Once, when I was newly pregnant with Nan, I woke in the night without you beside me. I went outside and looked through the window in the door of your room and saw you resting your head on top of your typewriter. I tapped on the pane but you didn’t move. I wasn’t sure if you were asleep. In the morning you were back beside me, and you pulled me to you and made me promise that if you were ever missing from our bed I mustn’t come to find you. I laughed and you said, “I’m deadly serious, Ingrid. Everyone needs a place to escape to, even if it’s only inside their head.”

“I’ll promise,” I said, “if you promise me the same.”

We were lying face-to-face, separated only by the paisley curl of our baby inside me. Awkwardly, you held out your right hand and we shook on it. Do you remember?

And there was the time, years later—in the middle of the argument where the teapot got smashed—when you shouted that I wasn’t allowed in your room because I was too fucking nosy and asked too many fucking questions. “How’s it going?

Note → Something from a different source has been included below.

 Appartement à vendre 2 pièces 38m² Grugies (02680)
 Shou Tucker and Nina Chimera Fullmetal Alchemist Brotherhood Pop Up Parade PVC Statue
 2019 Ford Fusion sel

How many words today? Thought of a title yet?” And you accused me of reading your pages when you were out, of snooping and checking up on you, of dripping my wet hair onto your words when they were still spooling out from your typewriter. It was fucking inhibiting, you said, and the reason you stayed in your writing room was no longer to write but because you needed to fucking protect your intellectual property.

But the reason I wasn’t allowed in there wasn’t any of these, was it, Gil?